Spannend auch, daß die ersten dieser jetzigen Krieger ausgerechnet aus
Lettland und Kroatien mobilisiert wurden -- uh, Soldaten aus gerade diesen
Ländern als Hilfstrupp einer fremden Macht im Kampf gegen Rußland, na
servas, die historischen Vergleiche, die mir da einfallen, möchte ich
eigentlich gleich wieder vergessen.
Aber bei uns in Wien ist da ja nicht so. Bei uns demonstriert man nicht mit
Nazis. Hats zumindest bei den Corona-Demos geheissen. Bei den Ukrainedemos
hingegen kann man über die hinwegsehen. Sind ja nur ein paar. Außerdem eh
eigentlich gar keine wirklichen. Und mit "Ruhm der Ukraine" hat ja nicht nur
Bandera gegrüßt, sondern das ist viel älter und jetzt dadurch, daß die
demokratische Armee der freien Ukraine das als offiziellen Bannerspruch hat,
von allem Faschistischem gereinigt. Und Patriotismus ist ja an sich nichts
Schlechtes. Oder so.
Überhaupt heißt es jetzt, eben wie bei Corona: Zusammenhalten!

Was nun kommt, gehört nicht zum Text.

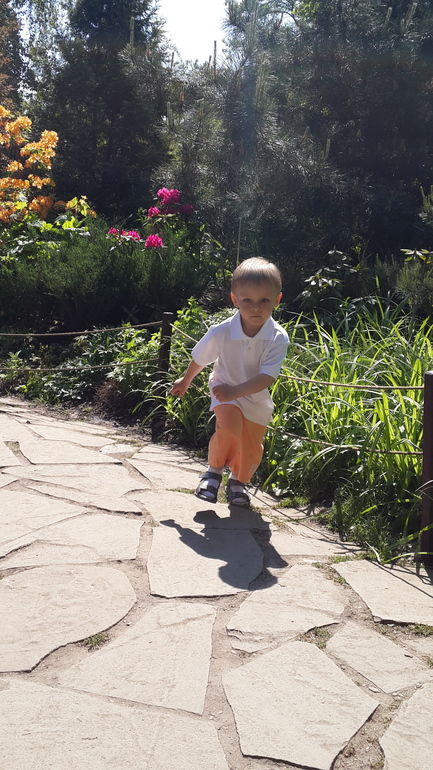 Прогулка в Аптекарский огород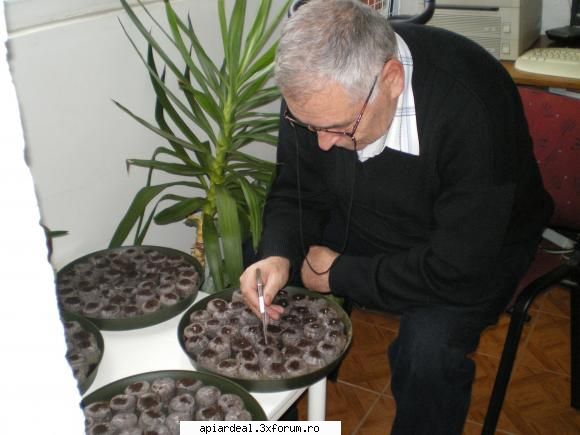 Paulownia - Se iau semintele cu penseta si se fixeaza in turba - ARBORI MELIFERI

Wie sagte der
Bundeskanzler? "Es gibt Krieg in unserer Nachbarschaft und wir begegnen uns
heute hier aus meiner Sicht im Hohen Haus nicht als Vertreter von
verschiedenen Fraktionen mit verschiedenen politischen Interessen, sondern
geeint, mit einer Stimme für das Sicherheitsinteresse der Republik
Österreich." Also da tuts mir leid, da muß ich doch nochmal historisch
werden: "Ich kenne keine Parteien mehr, Ich kenne nur Deutsche. Zum Zeichen
dessen, daß Sie fest entschlossen sind, ohne Parteiunterschiede, ohne
Stammesunterschiede, ohne Konfessionsunterschiede durchzuhalten mit Mir
durch dick und dünn, durch Not und Tod, fordere ich die Vorstände der
Parteien auf, vorzutreten und Mir das in die Hand zu geloben." Das Protokoll
der Reichstagsitzung vermerkte nach dieser Rede von Kaiser Wilhelm am 14.
August 1914 "langanhaltendes brausendes Bravo".
Da kann man ja wirklich schon froh sein, wenn Nehammer jetzt meint, daß wir
unsere von den Russen aufgezwungene Restneutralität noch bewahren dürfen.
Zumindest solange es keine anderen Verfassungsmehrheiten im Parlament gibt.